Nine times out of ten it's not the colour, mate — it's the sheen. A fresh dab of paint sits at a slightly different gloss level to the wall around it, which has cured and picked up a few months of light scuffing and dust. Catch it at a raking angle and you'll see a patch even when the colours are identical.
Three things cause flashing:
Sheen difference. Even matt emulsions have a touch of sheen, and a wet brushload looks different to fully cured paint. Higher-sheen finishes — anything in eggshell or satin like Little Greene Intelligent Eggshell or Dulux Diamond Matt — flash far worse than a true dead-flat. This is exactly why Farrow & Ball's properly chalky finishes (think Estate Emulsion in Pointing or Cornforth White) are more forgiving for spot repairs.
Thickness and build-up. A thick dab leaves a raised edge that catches light. Touch-ups want to be thin and feathered, not loaded on.
Different batch or applicator. A roller leaves fine stipple texture; a brush leaves none.

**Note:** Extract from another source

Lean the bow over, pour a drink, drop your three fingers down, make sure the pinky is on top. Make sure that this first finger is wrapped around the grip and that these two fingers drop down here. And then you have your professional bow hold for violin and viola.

Touch up a rollered wall with a brush and the texture alone gives it away — even with the exact same tin.
For the repair: use the same tin (not a fresh one), thin it slightly, and apply with the same tool the wall was done with — a small mini-roller for rollered walls. Feather the edges out so there's no hard line. Do it in daylight, not under a lamp.
If it still shows, you've two options. On a flat, chalky finish you can usually get away with a feathered patch. On anything with sheen, or a wall that's seen a few years, stop fighting it — paint the whole wall, corner to corner. Natural breaks (corners, door frames) hide the join; a patch in the middle of a wall never will. Keep your offcut tins labelled and stored cool, and they'll serve you for years.